« Tout près et tellement loin d’Abdeslam » – Tribune du 16 mai 2016

lepoint.jpeg

Le Point – 16 mai 2016

Guillaume Larrivé : « Tout près et tellement loin d’Abdeslam »

Témoignage. Le député s’est rendu le 3 mai à Fleury-Mérogis, où il a pu observer Salah Abdeslam. Pour « Le Point », il raconte cette expérience « répugnante ».

Par Guillaume Larrivé

Fleury-Mérogis, mardi 3 mai, vers midi.

Je ne suis pas venu pour lui, mais pour les hommes et les femmes qui le surveillent. C’est à eux que je m’adresse. Et c’est à ses victimes que je pense, lorsque se verrouillent, derrière moi, les portes de la plus grande prison d’Europe. Vaillante, la directrice me guide. Nous traversons des cours et des couloirs. D’autres prisonniers nous voient déambuler. Comme pour défier l’autorité qui passe, ils crient son nom et semblent l’acclamer. Les agents me conduisent au quartier d’isolement, dans la cellule voisine de la sienne.
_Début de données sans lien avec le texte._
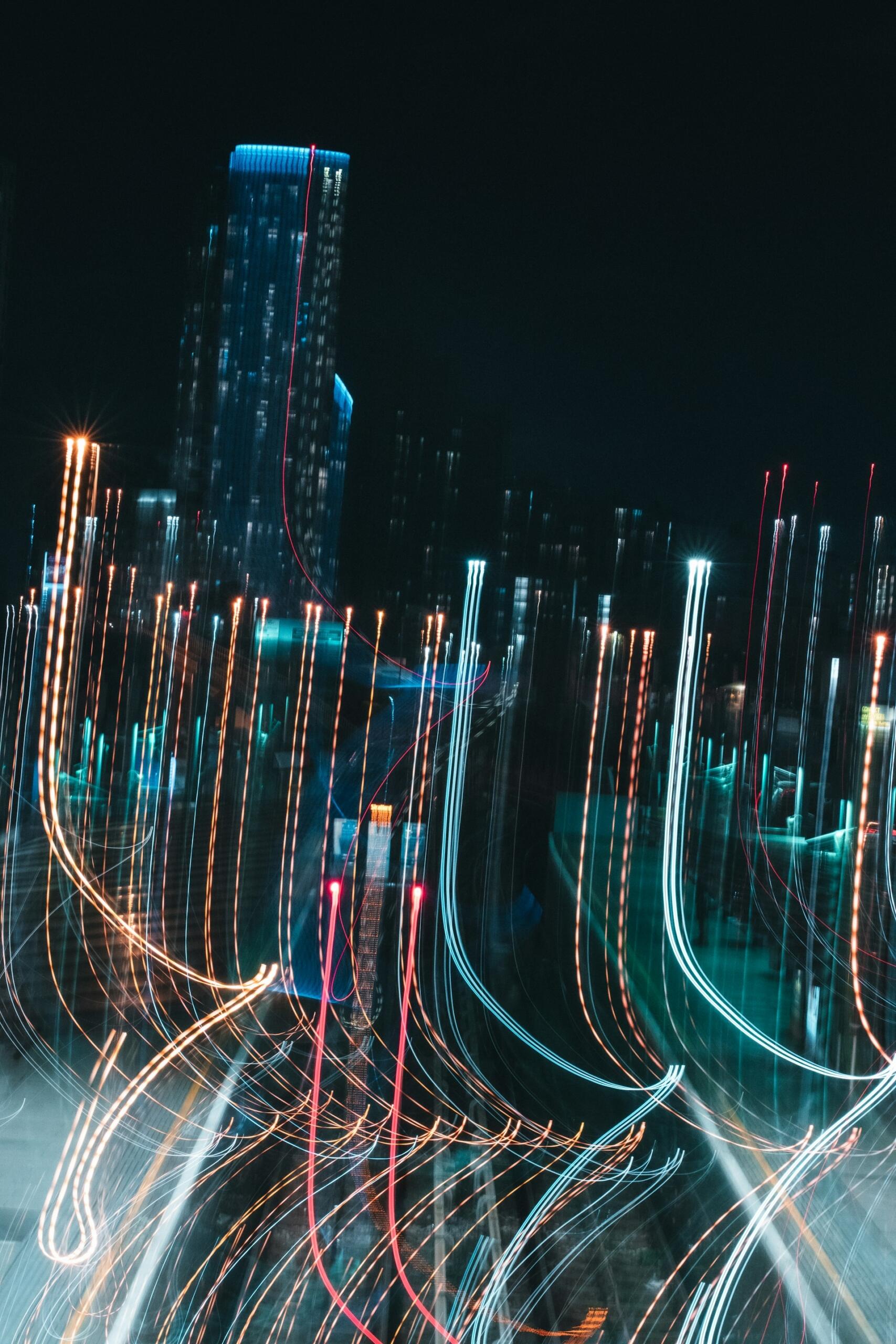 Paisaje urbano nocturno abstracto con rastros de luz de diversos colores, que crean un efecto dinámico de neón. En el fondo se divisa vagamente un rascacielos.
Nous y sommes. Il est là, à quelques mètres. Dans une pièce grisâtre, à cent autres pareille. De l’autre côté du mur. Derrière les écrans de vidéosurveillance, panoptique moderne qui le scrute, minute après minute, aussi longtemps que dureront les jours et les nuits de son enfermement. Tout près et tellement loin, dans sa banalité et son atrocité.

Il n’est semblable à rien mais il ressemble à tous. Rasé de près, il porte un survêtement noir. Les pieds nus, en silence, il masse sa cheville. Il s’arrête et se lève. Le bruit du chariot, qui approche, sonne l’heure de la distribution du repas. La porte s’entrouvre et se referme. Il a pris un pain et un plateau, qu’il pose sur la table. A sa gauche, un livret à la couverture verte – un Coran, me dit-on. Il approche sa chaise. Il déjeune, vite. Il avale, encore. Son appétit me répugne. Et pendant que je le regarde, je comprends l’évidence de mon dégoût.

Il est là parce qu’il a tué, salement. Mais il respire, il dort, il lit, il boit, il mange. Il vit, oui. Comme un crachat sur les tombes de ses victimes, comme une insulte aux pleurs de leurs parents. C’est une injustice, que je sais nécessaire à la Justice. La bête humaine ne doit pas crever avant son procès. Sa mort serait une évasion. C’est au droit, qui civilise, de terrasser la terreur, qui abrutit.

Aux agents de Fleury, qui gardent le barbare, je dis ma reconnaissance de député, de citoyen et d’homme. Ce sont des braves, sereins et solides, qui méritent le respect des Français. Quant à l’autre, je l’ai assez vu. Que la justice s’abatte sur lui. Qu’il aille en enfer, là où la liberté n’est pas et où l’humanité n’est plus.